Tenho certa implicância com a expressão “atividades mistas” e confesso minha absoluta ignorância de entendê-la. Se eu fizer compras no mercado e este entrega “gratuitamente” as mercadorias na minha casa, o serviço de transporte é prestação-meio e a compra de mercadorias a prestação-fim. Não há que dizer, no caso, que houve atividade mista, pois a entrega da compra é desprovida de onerosidade e, consequentemente, não representa um “fato econômico de relevância jurídica” (assim dizia Amílcar de Araújo Falcão). O custo do transporte, por evidência, integra o custo da mercadoria. Ao contrário, porém, se a entrega da mercadoria no domicílio do comprador for cobrada a parte, e, portanto, negociada independentemente da operação de compra de mercadoria, aí, então, serão duas operações jurídicas distintas, negociadas e assumidas pelas partes contratantes.
Um exemplo mais complicado: vou à vidraçaria e peço preço de um vidro cortado sob medida, de espessura e qualidade determinada, para ser instalado na janela da minha casa. Provavelmente, o vidraceiro vai apresentar um único preço, no qual inclui o valor do vidro e o valor do serviço de cortá-lo e de efetuar a instalação. Isso seria uma “atividade mista”? Não! Pois estou firmando um contrato de empreitada global com o vidraceiro, levando em conta a natureza da operação que somente se concretizará com o resultado do serviço. Não estou, na verdade, comprando um vidro, estou contratando ou encomendando um serviço e o adimplemento da obrigação pelo vidraceiro somente ocorrerá quando o vidro for assentado na janela e eu dado por satisfeito. E tanto é assim que pode o vidraceiro nem ter o vidro no seu estoque e sair a procurá-lo para atender o pedido. Como, também, pode não ter pessoal para fazer a instalação e ser obrigado a contratar alguém para isso.

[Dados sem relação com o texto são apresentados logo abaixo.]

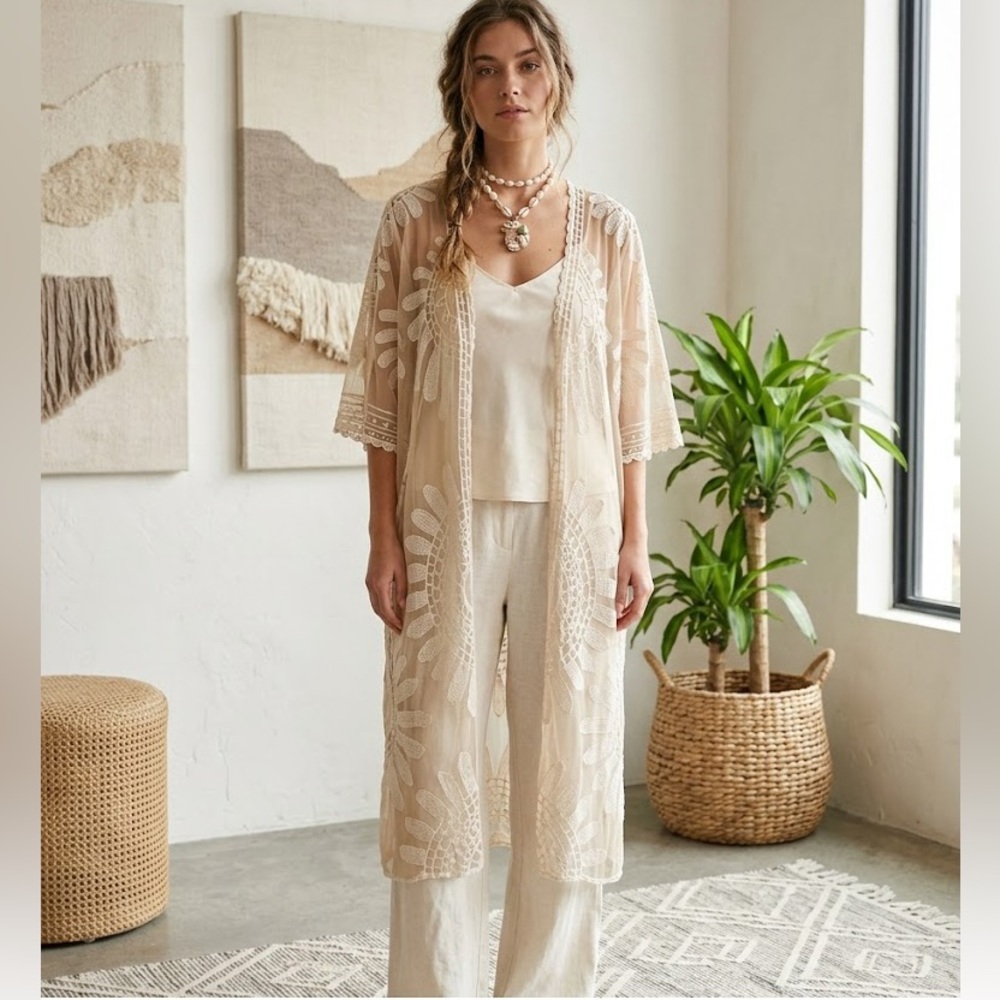 Rebellion Again Boho Embroidered Sheer Kimono Cardigan Lace Mesh Ivory XS #01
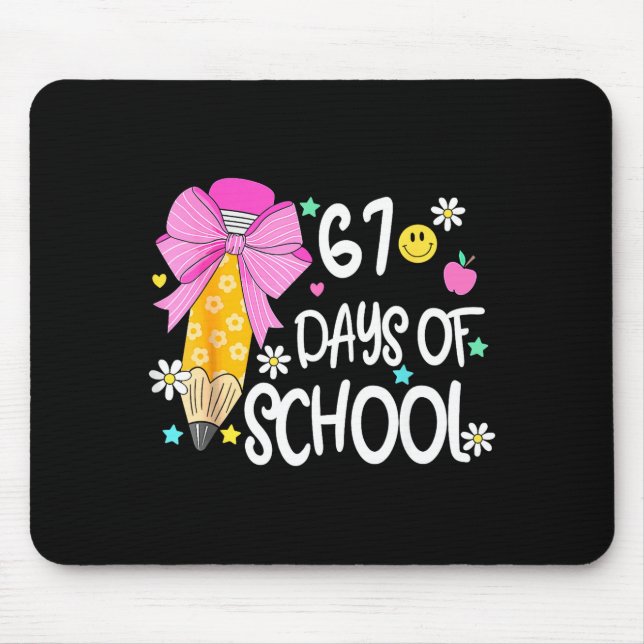 Mousepad 67 Days Of School Girls Coquette Bow 67th Day Of S (Frente)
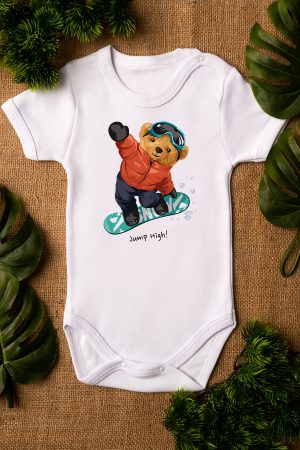 Teddy Bear Snowboard Baskılı Kısa Kollu Beyaz Bebek Body Badi Zıbın 5284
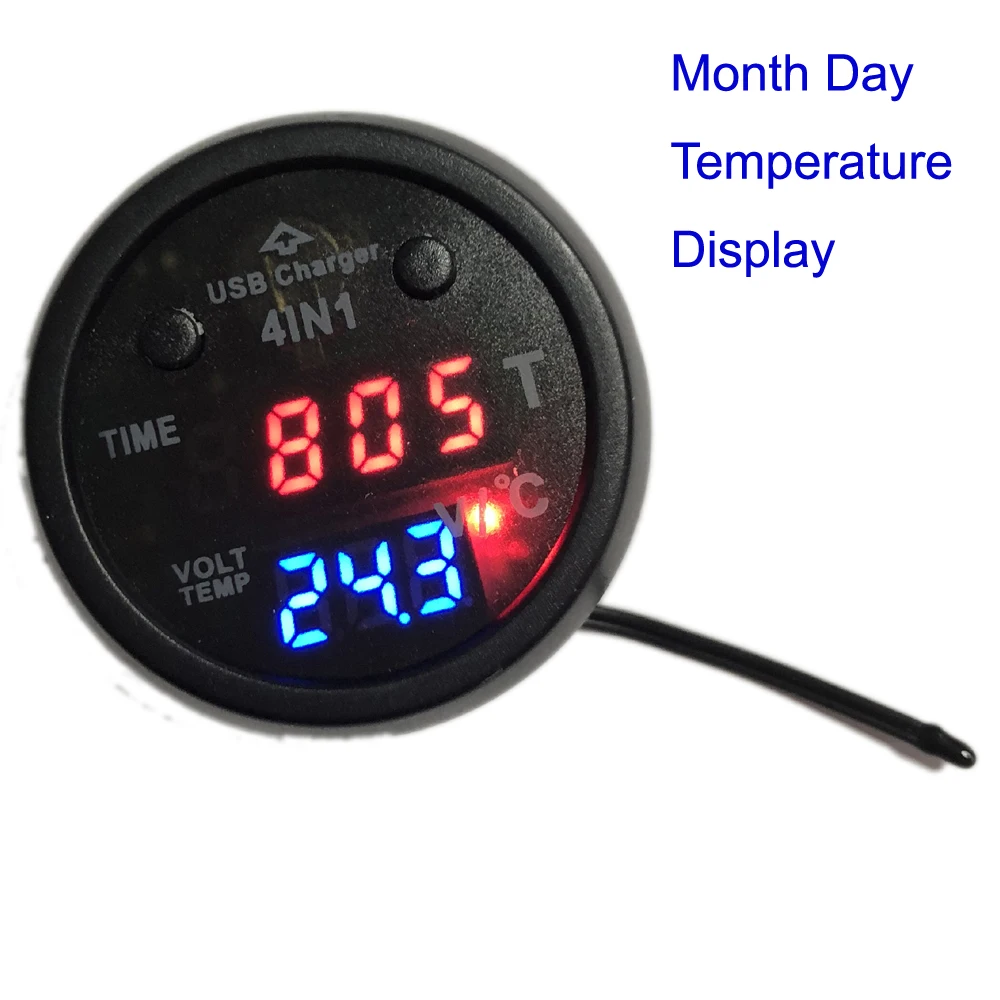 Вольтметр светодиодный цифровой термометр прикуриватель автомобильное зарядное устройство время просмотра USB зарядное устройство для мобильного телефона 4 в 1 портативный Встроенный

Outro exemplo: uma construtora empreiteira está construindo um prédio e pretende contratar uma empresa de mármore para fornecer e instalar os mármores nas pias e bancadas dos banheiros. A construtora analisa duas possibilidades de contratação: a) adquire o material (o mármore) nas especificações requeridas e o seu próprio pessoal executa a instalação; ou b) contrata a empresa para executar todo o serviço, ou seja, entrar com o material e o serviço de instalação. A primeira hipótese seria um contrato de compra e venda, mesmo que o mármore seja fornecido da forma solicitada (já cortado e preparado). A segunda hipótese seria um contrato de empreitada global. Apenas para lembrar, o art. 610 do Código Civil diz que o empreiteiro de uma obra pode contribuir para ela só com seu trabalho ou com ele e os materiais. Na primeira hipótese, o trabalho de preparar o mármore e adequá-lo às condições requeridas pelo comprador são tarefas intermediárias indispensáveis à conclusão do negócio, que é a compra e venda. Na segunda hipótese, o fornecimento do mármore é parte integrante e condição básica do facere, da prestação do serviço.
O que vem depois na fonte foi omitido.